Michael, boy howdy. VirtualClint is on the money here, but like, taken in its own universe under its own terms, one thing that’s really been grating on me is how obsessed everyone is in Michael - Lorca, the Emperor, Saru, the klingons, Starfleet - and how special and unique she is. How ‘nobody but her could’ve done what she did’. Beyond her ability to remain stoic while acting in the mirror universe, it doesn’t feel at all like she brings anything to any situation but competent military ability and a commitment to not get pulled off-mission. Think of every major challenge she’s faced, and she’s succeeded by following a pre-set strategy that Saru or Tilly/Stamets put together. The living planet, Kor’s ship, the ISS Charon rebellion - she has succeeded by simply not being the one who fucks up the plan. Now that is incredibly valuable in a war, but it isn’t like she’s got some unique trait on the level of Picard’s diplomacy, Sisko’s strategy, Janeway’s absolute all-in resourcefulness, etc. She doesn’t think differently in any way, she’s just good at keeping on-task, which sucks as the ‘thing’ that makes her a hero.

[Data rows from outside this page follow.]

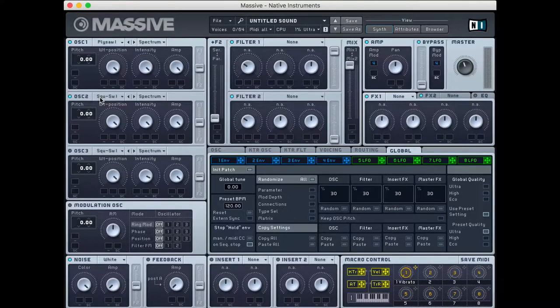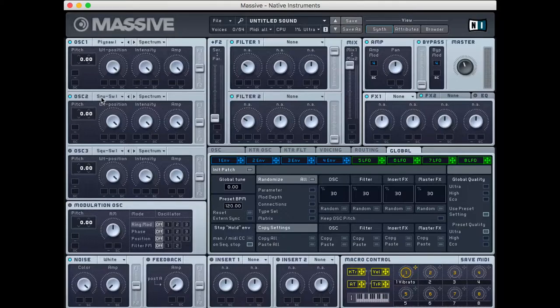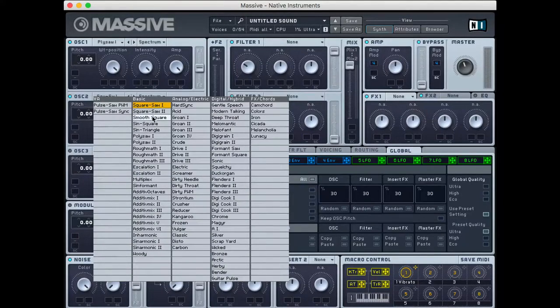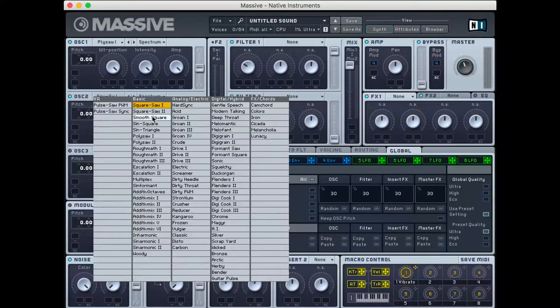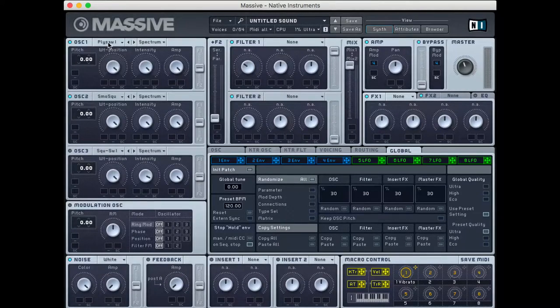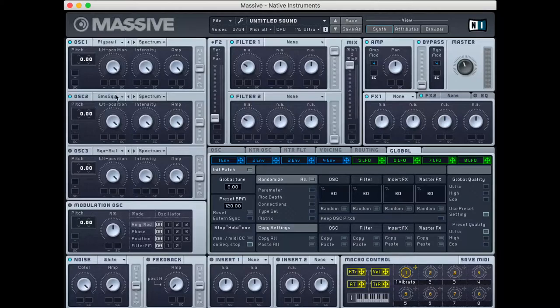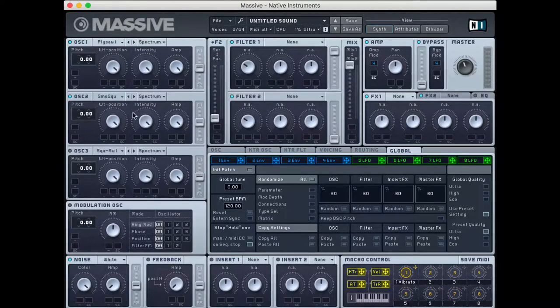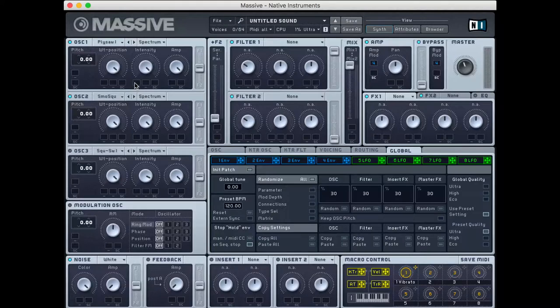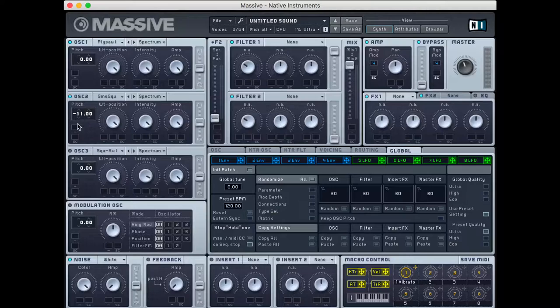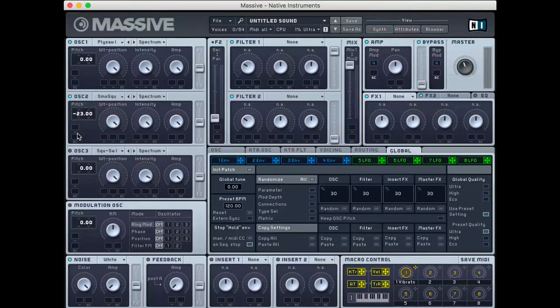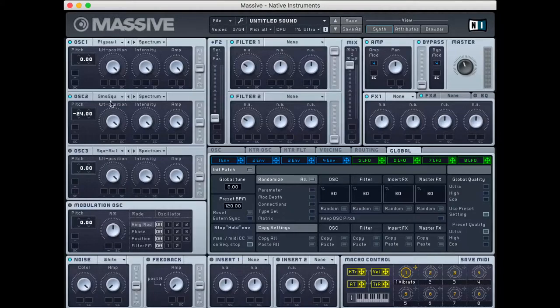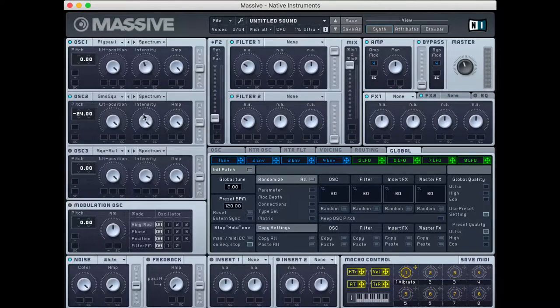Now, where I'm going to go with my second oscillator is this smooth square wavetable. So I have PolySaw 1 and I have smooth square on these two right here. So, what I'm going to do next up is actually just pitch down this smooth square by two octaves, so negative 24. And I'm going to play around with these intensities just a little bit.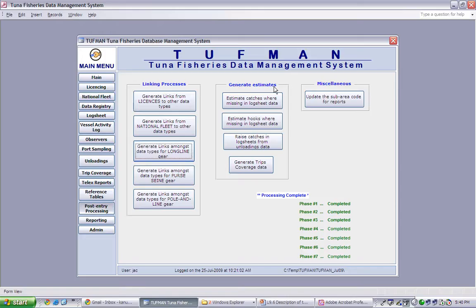There are four general estimates that can run: estimate catches where missing in log sheet data, estimate hooks where missing in log sheet data, raise catches in log sheets from unloading data, and generate trips coverage data. To run any of these processes, simply click on the appropriate button.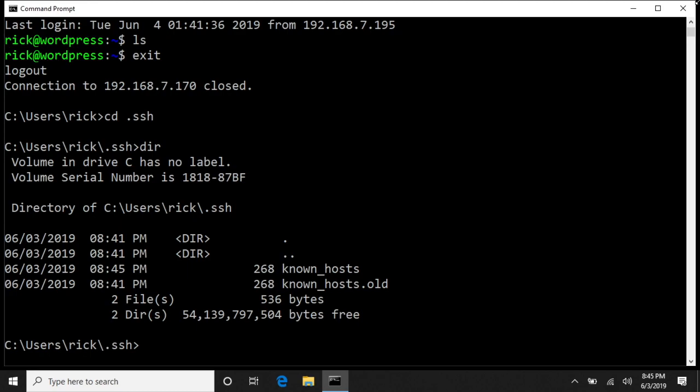We're in the .ssh folder, and this is just like on Mac and Linux. It has the same exact thing. You see here we have a known_hosts file.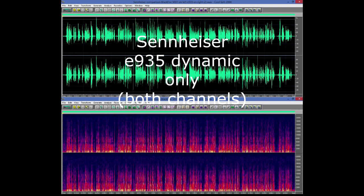The Sennheiser Blackfire microphone is on the left. The Sennheiser E935 dynamic is on the right.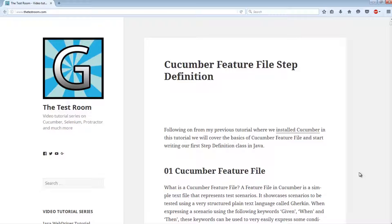So first of all, what is a cucumber parameter? A cucumber parameter is essentially a value that you want to pass from your feature file into your step definition class. We use parameters to make our scenarios more expressive, so that they make more sense, but also so that we can reuse step definitions.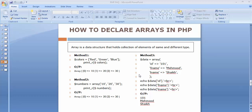Hi friends and subscribers, this is Mushek. From the past few videos I have been discussing some of the basic and most frequently asked interview questions on PHP. In this video I'll be discussing one of the questions which is frequently asked in interviews: how to declare arrays in PHP.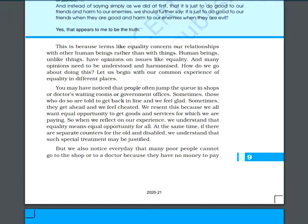Take the example that people often jump the queue in shops, doctor's waiting rooms, or government offices. Sometimes those who do that are told to get back in line, and we feel very happy at that moment. Sometimes if they go ahead, we think that is unfair — we should not allow that.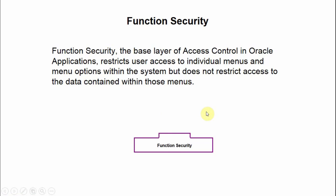Hi, it's Tarun from Coing Solutions and today I'm going to discuss with you the concept of Function Security in Oracle eBusiness Suite.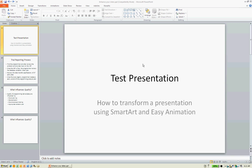Hi, I'm Darren Weston from Novartis, and this is a short demonstration on how to transform your PowerPoint presentations using SmartArt and animations. This is not a detailed demo; this is more of a consciousness-raising exercise, just to show you some of the features that perhaps you haven't explored that can really convert your presentations into something a little better.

Yeah, stuck with me that if this is what Starfleet is currently valuing, Michael is basically just a lesser version of Lorca. Lorca was doggedly on-task to the point of suicidal, which I guess is what everyone is looking for?

I won’t get into the fact that bringing the genocidal Terran Emperor over here has immediately, within one day, resulted in Starfleet electing her into the captain’s chair for what I’m going to assume is a genocidal plan to destroy the klingon homeworld. They could not wait to get another mirror universe warrior into command, apparently.

Yeah I dunno.

Sleazy: Not to enable your desperate hope that any of this could fit in-canon, but… had a thought. Tyler and Vok are now one being. Imagine if the virus idea was true, but the virus changed them into a hybrid race like Tyler - Klingon on the inside, but human-looking on the outside. That would be their solution to the war - making the alien race literally more like them.

Which would be all kinds of fucked up, but, this is Discovery.